Identifying the players to fulfil your vision is arguably a coach’s most crucial role. Your approach to selection establishes the values of the environment you’re trying to create. Read on to get it right…
1. THE GROUP DYNAMIC
One popular image for the group dynamic at work is a chain of mountain climbers, all connected by a single rope. The coach heads the group but is attached to every member of it. Whether he chooses to select or drop a player, he remains attached to him.
So
communication is paramount – the coach must explain why a player is in or (more relevantly) out of the team and give him a “work-on” so that he still feels part of the group and contributes to it.
2. BACKING YOUR JUDGEMENT
Once a selector decides a player is good enough, he must stick with him – to
give the player time to prove his judgement correct or incorrect. He can only arrive at a reliable conclusion about a player’s mean standard after several games.
The real crime lies in not backing your own judgement, and this cuts both ways – if evidence suggests a player isn’t good enough or doesn’t fit the playing style or group dynamic, he must be omitted.
3. THE DEVELOPMENT CYCLES
- Development. The coming together of a team. Individuals start to identify their roles and leaders are discovered.

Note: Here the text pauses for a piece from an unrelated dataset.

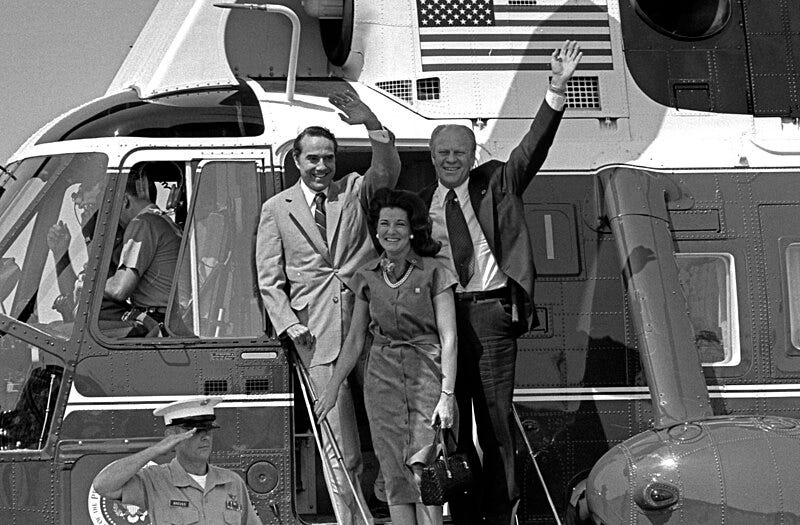 File:President Ford, Senator Robert Dole and Mrs. Elizabeth Dole - NARA - 7027917.jpg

- Maturity. Individuals perform their roles to full capacity and leaders assume full ownership of the team on the field.
- Elimination. The cycle that often trips up coaches – knowing when collective potential has been realised and the power of the group has begun to wane.
A coach must understand which cycle his team is in, and adjust selections accordingly. The best coaches are particularly adept at recognising signs of an emerging elimination cycle, and doing their
transition planning ahead of time.
The duration of each phase depends largely on the team’s intellectual foundation and the coaches’ ability to
freshen the environment with new ideas, something World Cup-winning coaches Graham Henry, Wayne Smith and Steve Hansen excelled at.
4. SNOWBALL EFFECT
When you see concrete improvements in a player’s performance, you must reward that with more game time – so generating an even quicker rate of improvement. This is particularly true with young players, whose learning curve is often very steep.
Again, coaching planning needs to be a
two-way door. You must accommodate outstanding new talents but be ready to omit those who don’t fit the playing style.
5. TIMING OF SELECTION
The approach of a major competition is a clarifying factor. Any top international coach will be asking themselves, “Can I envisage ‘player A’ being in my RWC side, 20-odd games from now?”
Individual potential has a
timeline in relation to competition objectives. The answer to this question will determine how much time to invest in a player.